Taste of Cement de Ziad Khaltoum sera un film pris d’une part entre deux vertiges inverses, d’autre part entre deux forces jumelles, destruction et construction : il sera une forme, peut-être une formule, s’essayant à prendre la mesure, peut-être impossible, de tensions observables dans l’espace. Cet espace tendu entre plusieurs dimensions, des personnages viendront l’habiter, ou presque : des yeux, des visages d’abord, des corps muets, au travail et au repos, livrés à l’effort et astreints au couvre-feu. Progressivement ces figures prendront un peu de contour : ce sont des travailleurs syriens exilés, ouvriers construisant un gratte-ciel dans une ville en continuelle reconstruction, ayant fui une guerre présente pour aller recouvrir ailleurs les traces encore visibles des guerres passées. Taste of Cement décrit ce travail, arpente ces vertiges - vertige dans l’espace, horizontal et vertical ; vertige dans le temps, simultané et distinct - et se cherche en même temps sous nos yeux des images capables de les exprimer, de les confronter ou de les fondre. Sa grande beauté se tient à la limite du grand spectacle, de l’hypnose visuelle et sonore, aussi bien qu’à la limite de l’ennui : deux faces d’un même trajet vers la fascination, mais aussi vers la destruction de celle-ci, vers sa critique.
L’ennui, somnolence et intensité, n’est-il pas encore une fois la forme que prend dans notre vie l’attente du réveil collectif ? Voici les ouvriers syriens de Beyrouth pris dans le rêve d’un souvenir, lui-même pris dans le temps d’une guerre interminable. Ce rêve, dit le film, est le réel sans issue, qui lutte pour se dégager des décombres. Certains rejetteront peut-être les séductions de la forme, d’autres les raccourcis du propos, d’autres encore la coïncidence des deux en une seule métaphore, une thématique et une poétique compactes.
Taste of Cement fait avec des images du présent (certaines construites pour être d’aujourd’hui, cherchant un aspect contemporain, d’autres empruntées directement aux documents d’une destruction en cours) ce qu’on ne s’autorise pas toujours avec des images du passé : ainsi de cette équivalence, établie ici et là par le montage parallèle, entre les gestes des bâtisseurs et la dévastation d’une ville par les tanks et les bombes. Le ciment est son matériau comme son principe formel.

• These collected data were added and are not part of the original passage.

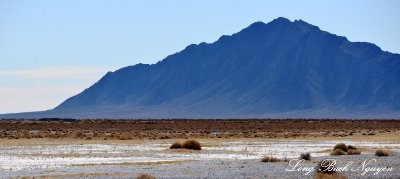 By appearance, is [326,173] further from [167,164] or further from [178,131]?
[178,131]

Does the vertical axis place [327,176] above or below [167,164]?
below

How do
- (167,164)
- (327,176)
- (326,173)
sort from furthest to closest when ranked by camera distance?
(167,164)
(326,173)
(327,176)

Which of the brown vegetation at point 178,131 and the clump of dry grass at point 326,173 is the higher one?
the brown vegetation at point 178,131

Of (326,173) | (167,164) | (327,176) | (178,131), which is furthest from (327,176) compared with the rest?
(178,131)

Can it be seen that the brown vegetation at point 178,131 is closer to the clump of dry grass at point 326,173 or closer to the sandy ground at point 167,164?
the sandy ground at point 167,164

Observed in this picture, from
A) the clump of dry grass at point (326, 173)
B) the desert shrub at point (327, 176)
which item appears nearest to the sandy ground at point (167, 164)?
the clump of dry grass at point (326, 173)

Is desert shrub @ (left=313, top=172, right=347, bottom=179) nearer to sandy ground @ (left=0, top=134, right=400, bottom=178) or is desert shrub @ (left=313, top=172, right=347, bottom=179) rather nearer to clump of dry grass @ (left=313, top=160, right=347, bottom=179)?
clump of dry grass @ (left=313, top=160, right=347, bottom=179)

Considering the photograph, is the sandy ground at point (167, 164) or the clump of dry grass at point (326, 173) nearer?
the clump of dry grass at point (326, 173)

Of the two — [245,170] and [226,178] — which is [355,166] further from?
[226,178]

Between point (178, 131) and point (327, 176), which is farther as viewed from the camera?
point (178, 131)

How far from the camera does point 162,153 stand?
4209 centimetres

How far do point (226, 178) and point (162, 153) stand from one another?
16113 mm

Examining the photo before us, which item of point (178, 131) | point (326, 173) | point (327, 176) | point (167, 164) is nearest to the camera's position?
point (327, 176)

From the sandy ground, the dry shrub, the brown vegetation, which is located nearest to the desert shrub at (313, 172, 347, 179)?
the dry shrub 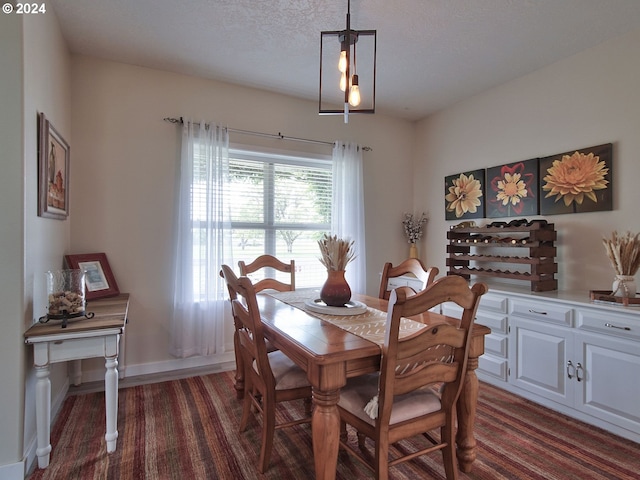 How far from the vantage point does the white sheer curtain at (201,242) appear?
10.2 ft

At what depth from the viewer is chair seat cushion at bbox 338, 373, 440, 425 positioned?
1.50 metres

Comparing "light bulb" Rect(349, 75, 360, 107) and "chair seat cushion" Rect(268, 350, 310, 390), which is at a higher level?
"light bulb" Rect(349, 75, 360, 107)

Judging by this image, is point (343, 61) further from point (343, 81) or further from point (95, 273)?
point (95, 273)

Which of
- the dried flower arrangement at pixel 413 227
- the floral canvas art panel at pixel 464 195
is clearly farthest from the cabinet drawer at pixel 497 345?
the dried flower arrangement at pixel 413 227

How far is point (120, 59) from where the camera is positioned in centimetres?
296

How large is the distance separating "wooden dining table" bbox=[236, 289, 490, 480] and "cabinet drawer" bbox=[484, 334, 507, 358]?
1260 millimetres

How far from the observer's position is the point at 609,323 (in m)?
2.20

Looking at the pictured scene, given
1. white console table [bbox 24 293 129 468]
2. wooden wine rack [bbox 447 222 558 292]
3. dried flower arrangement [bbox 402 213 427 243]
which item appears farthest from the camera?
dried flower arrangement [bbox 402 213 427 243]

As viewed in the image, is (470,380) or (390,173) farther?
(390,173)

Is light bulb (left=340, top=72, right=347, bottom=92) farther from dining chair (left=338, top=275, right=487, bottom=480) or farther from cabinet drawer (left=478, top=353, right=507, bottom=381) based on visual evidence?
cabinet drawer (left=478, top=353, right=507, bottom=381)

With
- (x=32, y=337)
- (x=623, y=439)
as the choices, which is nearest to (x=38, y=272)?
(x=32, y=337)

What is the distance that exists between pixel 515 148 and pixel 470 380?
2.43 m

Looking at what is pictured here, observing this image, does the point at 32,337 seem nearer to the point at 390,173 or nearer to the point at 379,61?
the point at 379,61

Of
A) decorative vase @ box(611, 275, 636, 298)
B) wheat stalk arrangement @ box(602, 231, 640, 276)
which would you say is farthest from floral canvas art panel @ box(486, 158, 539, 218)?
decorative vase @ box(611, 275, 636, 298)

On dira pourtant qu’il faut le voir. Il cherche un chemin d’images qui soit enfin un peu praticable dans des conditions démesurées et impossibles, dans ces espaces et ces temps trop vastes pour que la souffrance puisse, même un seul instant, s’y exprimer. Trop vastes exprès. Ce chemin, c’est pour tout le monde qu’il le cherche. Il le propose à notre regard ou à notre vertige, et non à notre approbation.

Luc Chessel
Libération, 2.1.2018

Prix

2017
Nyon Visions du Réel: Grand Prix
2017
Camden International Film Festival: Harrell Award for Best Documentary
2017
Adelaide Film Festival: Best Documentary

Filmographie

2014
The Immortal Sergeant (Al-Rakib Al-Khaled)
2017
Taste of Cement

Practice

En avant-projection
  • Réalisation: Lyabo Kwayana
  • CHN 2018
  • 10 minutes
au film principal

Practice

Comment s’intégrer à un groupe d’être humains et arriver à bouger à l’unisson? Filmé près d’un temple Shaolin dans le Henan, en Chine, Practice refète l’amour du cineaste pour les personnes engages dans une pratique collective.Grâce à l’lutilisation creative d’un drone, il statue magistralement une chorèographie visuelle fascinante ou des centaines d’individus dansant comme s’ils ne faisaient qu’un.